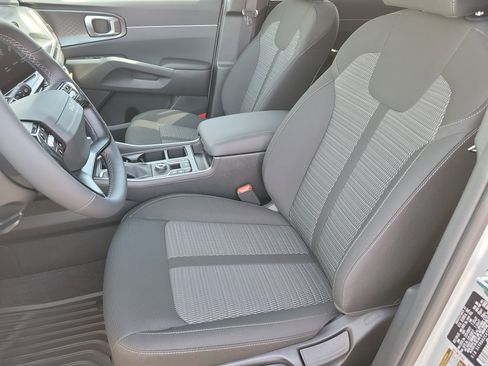 New 2026 Kia Sorento LX image 4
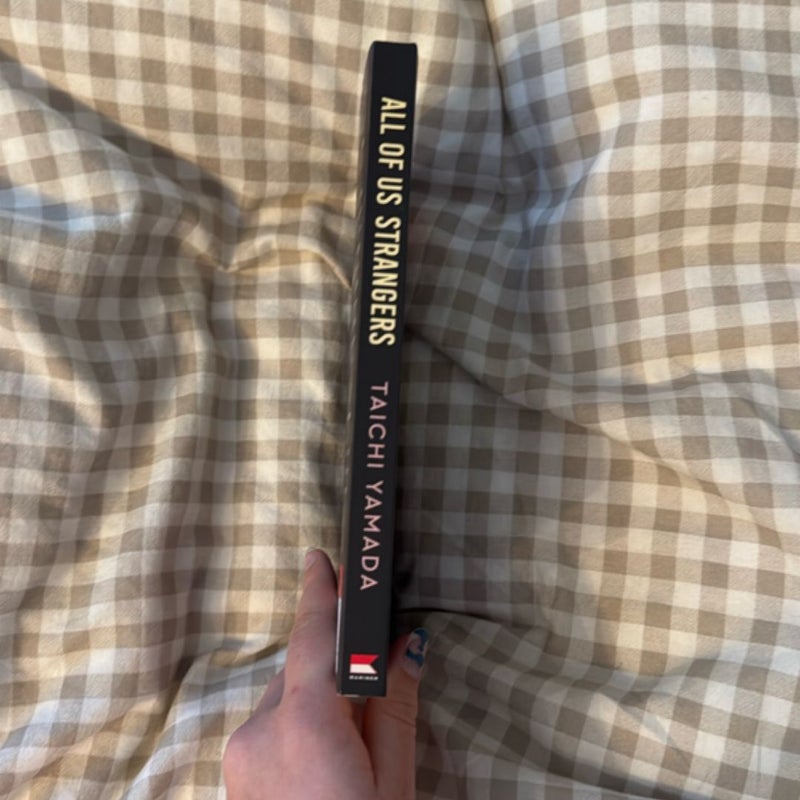 All of Us Strangers [Movie Tie-In]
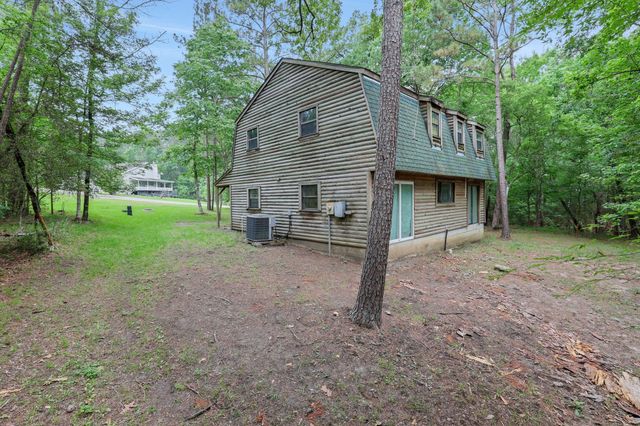 14 N Fairway Loop, Coldspring, TX 77331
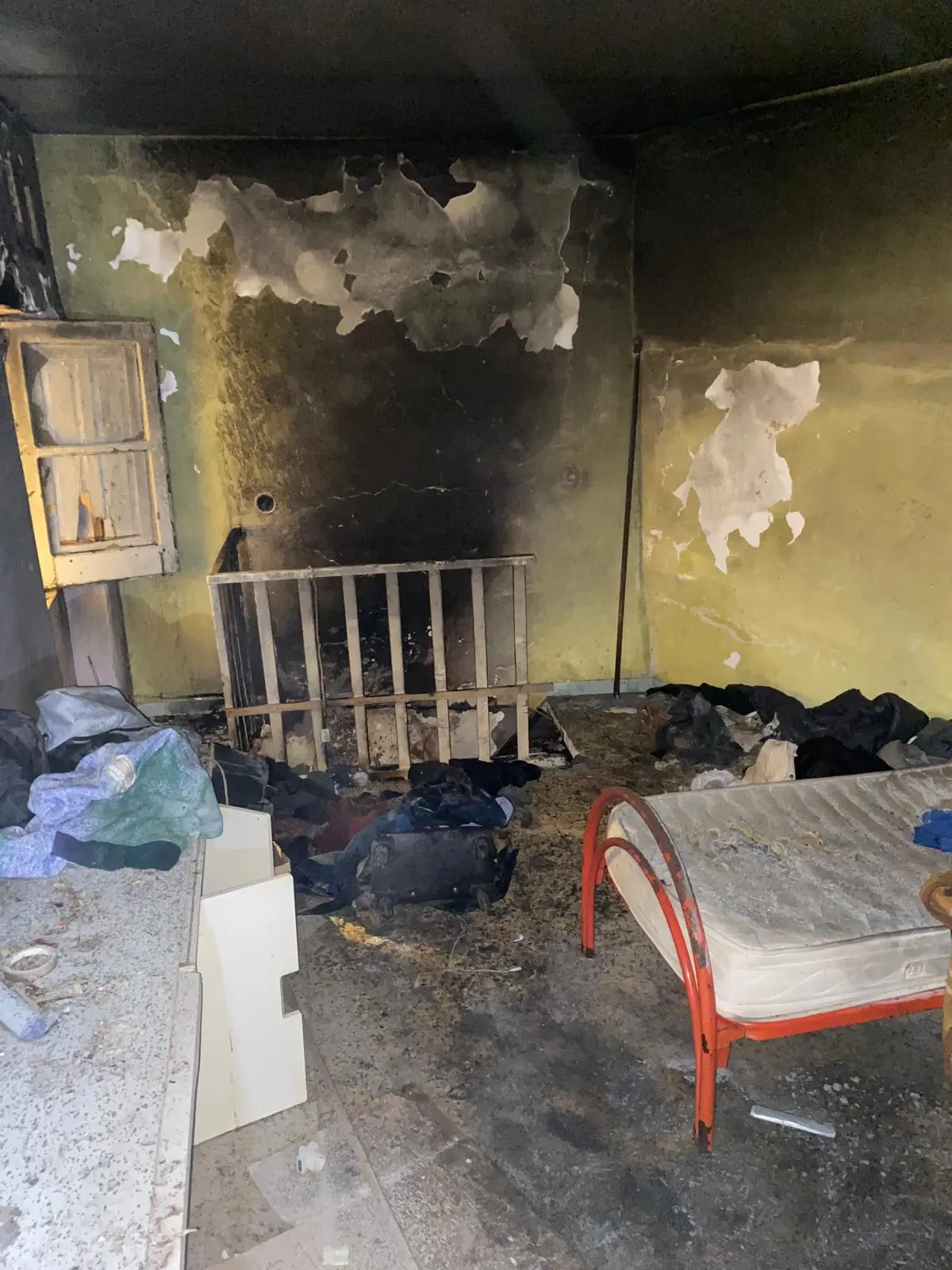 Incendia\u00A0la propria\u00A0casa nel centro storico di Lamezia Terme, arrestato in flagranza 48enne (FOTO)\n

* _About this exercise_: Give an exact copy of the data, and omit any pictures it holds.

* _Result_:
 New 2026 Kia Sorento LX image 4
 All of Us Strangers [Movie Tie-In]
 14 N Fairway Loop, Coldspring, TX 77331
 Incendia\u00A0la propria\u00A0casa nel centro storico di Lamezia Terme, arrestato in flagranza 48enne (FOTO)\n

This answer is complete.